Romania 11 April 2011

Hello everybody,

Well, I have lots of time to write today.  I'm glad everything went well at Tim's wedding.
That picture Mom sent with a bunch of the grandkids is cool, I think I'll print it off and stick it in my little album.

Everything is going pretty normal here.  Everybody here keeps telling me that the Orthodox Easter and the Catholic Easter will be on the same day, the 24th.  We have permission to go to midnight 'slujba' and stay out 'til 1:30am.

There were a lot of people at church last Sunday.  I had to play the hymns again, so I got to sit up front and look at how full the chapel was.  Most of the members here are pretty pessimistic about growth, one of them told me that she has been a member for more than ten years and there have only ever been about 15 'regulars' at a time, but there's more than that right now.  There are at least two members here who have been baptized without telling their families and it's super lame.  They are really hard to work with because they live in constant fear of their families finding out they are members.  There is one member though whose brother just recently got baptized and he is really optimistic.  He said that in two years the branch in Iasi will be the biggest branch in Romania.  That's what we need all of the members to be like.
I was reading in 'Our Heritage' and there is a part where they talk about having all of the members in the world in one small building, but knowing that it would someday be a thousand times bigger.  It's probably more like a million times bigger now.  Maybe I will translate that part and share it with some of the members.

Radu Stoica, who left to the Preston MTC said in his letter to his family that there is only one district in that MTC and that there are only 12 missionaries in the district.  I was really surprised.  It's kind of sad that it's such a small MTC, because one of the cool things about being in the MTC was that there were so many of us missionaries and you could always find someone different to talk to.

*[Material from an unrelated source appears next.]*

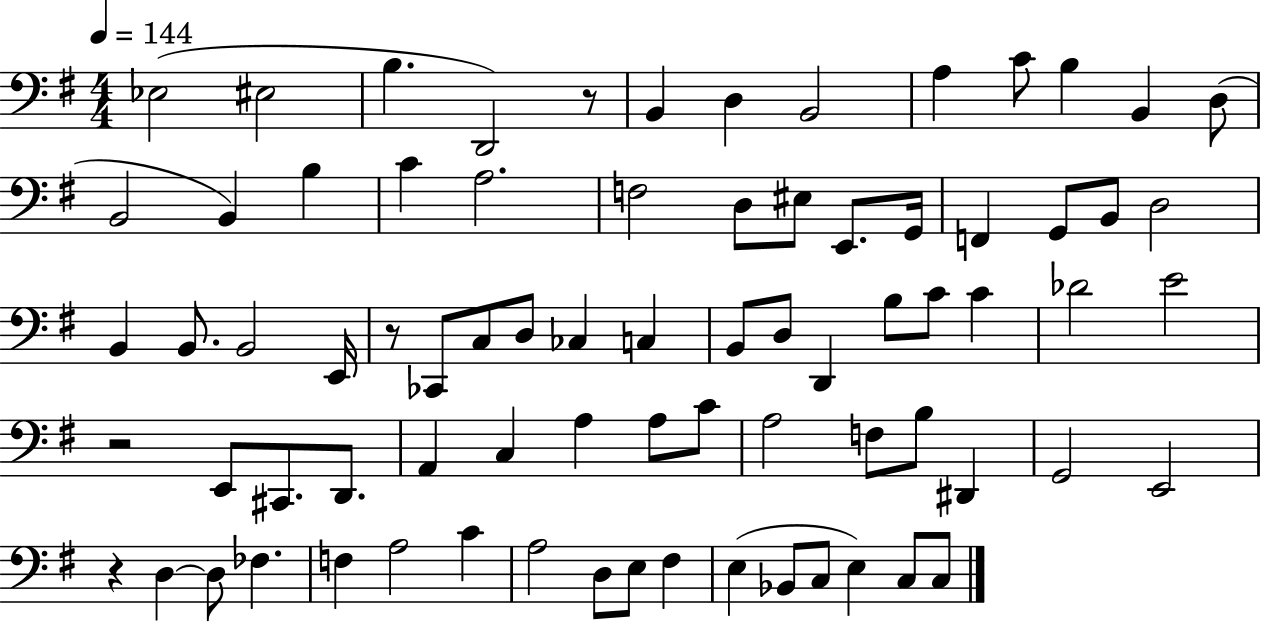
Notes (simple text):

Eb3/h EIS3/h B3/q. D2/h R/e B2/q D3/q B2/h A3/q C4/e B3/q B2/q D3/e B2/h B2/q B3/q C4/q A3/h. F3/h D3/e EIS3/e E2/e. G2/s F2/q G2/e B2/e D3/h B2/q B2/e. B2/h E2/s R/e CES2/e C3/e D3/e CES3/q C3/q B2/e D3/e D2/q B3/e C4/e C4/q Db4/h E4/h R/h E2/e C#2/e. D2/e. A2/q C3/q A3/q A3/e C4/e A3/h F3/e B3/e D#2/q G2/h E2/h R/q D3/q D3/e FES3/q. F3/q A3/h C4/q A3/h D3/e E3/e F#3/q E3/q Bb2/e C3/e E3/q C3/e C3/e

It hailed yesterday when we were walking to some blocs to knock them.  I've never seen it do that here before.  It was weird soft hail though, not like in Utah where it hurts to be hit by it.

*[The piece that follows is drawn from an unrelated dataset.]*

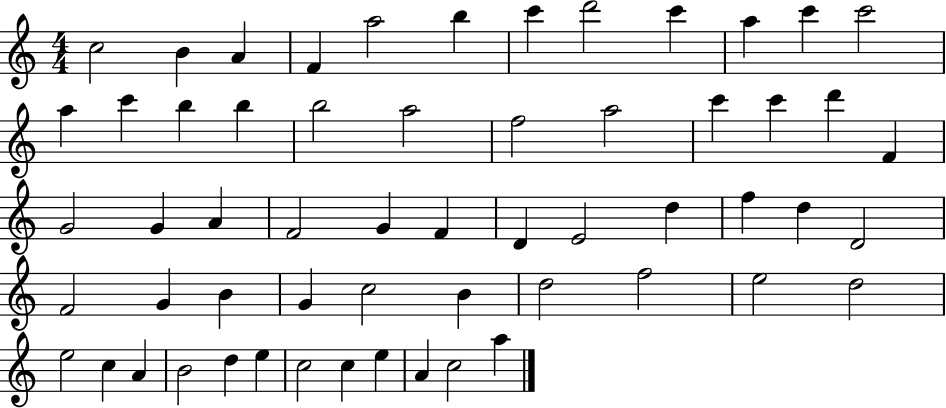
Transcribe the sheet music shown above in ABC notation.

There is a girl, Dana, that we met with this week who Sora Puckett and I talked to probably our first week together here in Iasi.  She set up with us once back then, but then cancelled and didn't answer her phone after that.  We tried her again last week and she answered and set up with us.  She said that the reason why she hadn't been answering was because she was in a mental hospital.  When we met with her she told us she had tried to kill herself.  It was kind of intense.  We told her not to and taught her about the Plan of Salvation.  She said she had no reason to live and we said maybe she could help other people with her life.  She seemed to think that was lame and said, "So I should live my life for other people?" and we said "That's what The Savior did, and he told us to follow his example," and she got that look on her face like a little lightbulb just turned on.  It was cool to see her perspective change.  Hopefully she will keep meeting with us and come to church.

I was reading in the bible and I noticed the word "purposed" used as a past tense verb.  Everybody always reads it as 'proposed' but I looked in some dictionaries and it's not the same.  When I asked my English class if they had any questions about English and they said "No," I told them "Even I have questions about English!" and explained to them a little bit.  They thought it was pretty funny.

I would also like to know when mothers' day is.